The provisions of 35 U.S.C. § 271 provide for three types of infringement. Direct infringement occurs under § 271(a) when a person makes, uses, offers to sell, sells, or imports a patented invention. Induced infringement occurs under § 271(b) when a person "actively induces" another person to infringe a patent. Contributory infringement occurs under § 271(c) when a person offers to sell, sells, or imports a component that is a material part of, and especially made for use in, a product that infringes a patent.

The issue presented to the Supreme Court in the Limelight case was whether a defendant may be liable for inducing infringement of a method claim when no one has directly infringed the claim.

The patent at issue in Limelight Networks (U.S. Patent No. 6,108,703) claimed a method for delivering electronic data to Internet users by way of a "content delivery network" or "CDN." The patented method required performance of several steps, including the designation ("tagging") of portions of a Web site (e.g., video or music files) to be hosted on servers accessible to Internet users. Defendant Limelight operated a CDN and performed several steps of the patented method. Limelight, however, did not "tag" the content to be hosted on its servers.
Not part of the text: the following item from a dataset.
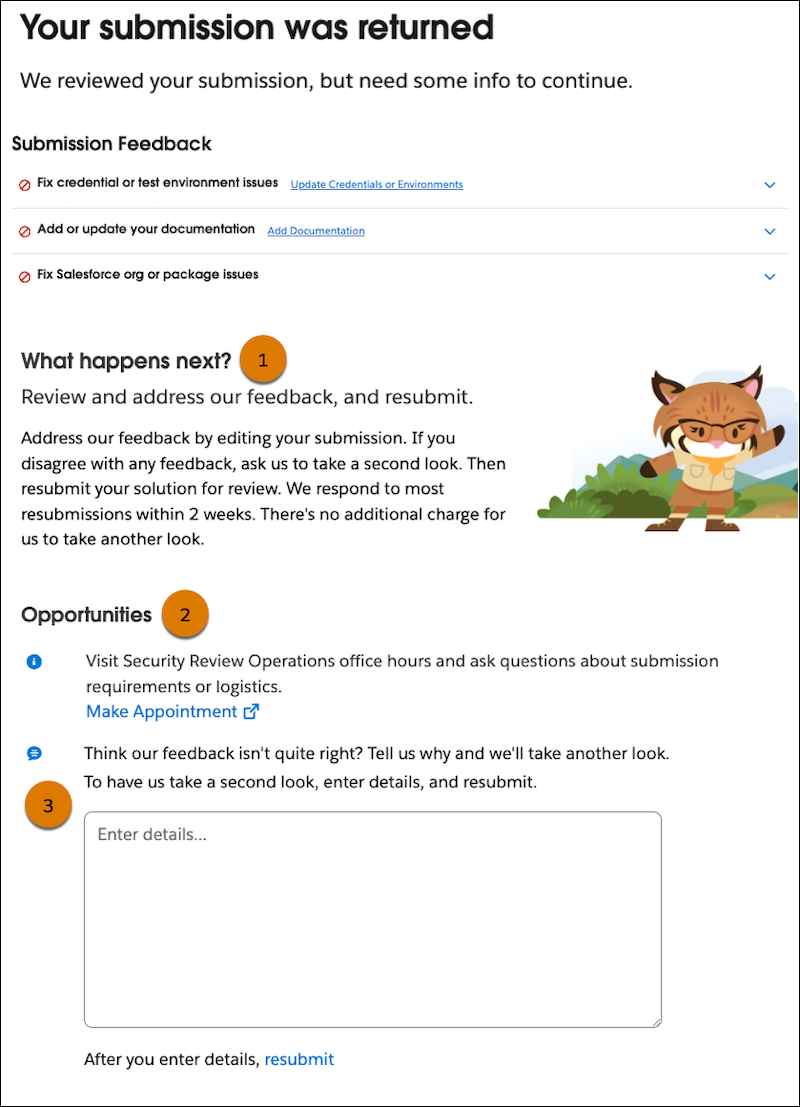 [What happens next? (この後のステップ)]、[Opportunities (機会)]、見直し要求のセクションが強調表示されたセキュリティレビューウィザードの [概要] ページのスクリーンショット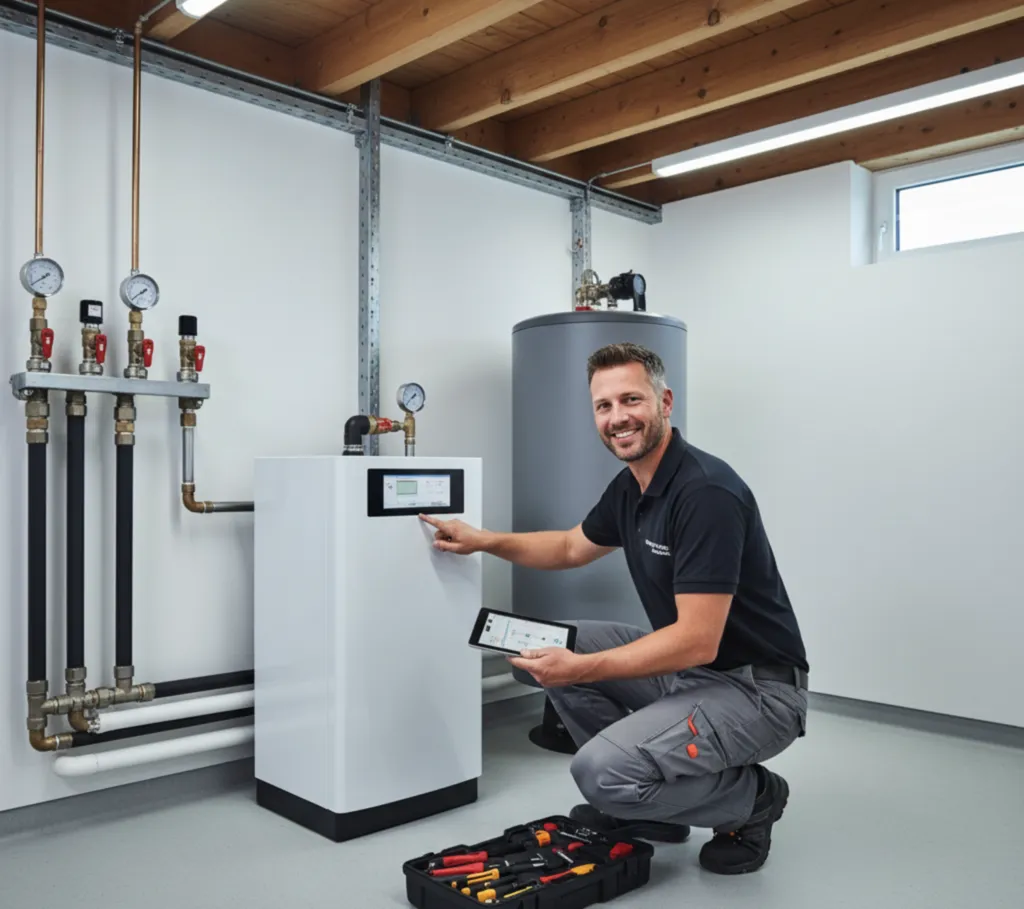  Un installateur qualifié et souriant, en tenue de travail  professionnelle, en train de procéder à la mise en service d'une unité  intérieure de pompe à chaleur dans une cave ou un local technique propre  et bien entretenu.  enerchauffage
Rather, Limelight's customers (proprietors of Web sites) designated the content that they wished to have stored on Limelight's servers.

Although, Limelight provided instructions and technical assistance to its customers regarding how to tag content, Limelight did not direct or control the tagging under the Federal Circuit's decision in Muniauction, Inc. v. Thomson Corp., 532 F.3d 1318 (Fed. Cir. 2008), where the court decided that a person can only be liable for direct infringement of a method claim if the person performs each and every step of the method or exercises direction or control over a third party that performs the steps. Thus, where the steps of a patented method are independently performed by two or more parties, there is no direct infringement under § 271(a). As a result, the Federal Circuit held that there was no direct infringement under § 271(a). Despite finding that neither Limelight nor its customers directly infringed the '703 patent, an en banc panel of the Federal Circuit held that Limelight could nonetheless be liable for induced infringement under § 271(b). The Federal Circuit reasoned that even if a single party cannot be held liable for direct infringement, courts may still hold that a predicate act of direct infringement occurred (i.e., though the combined actions of multiple parties) for the purposes of induced infringement under § 271(b).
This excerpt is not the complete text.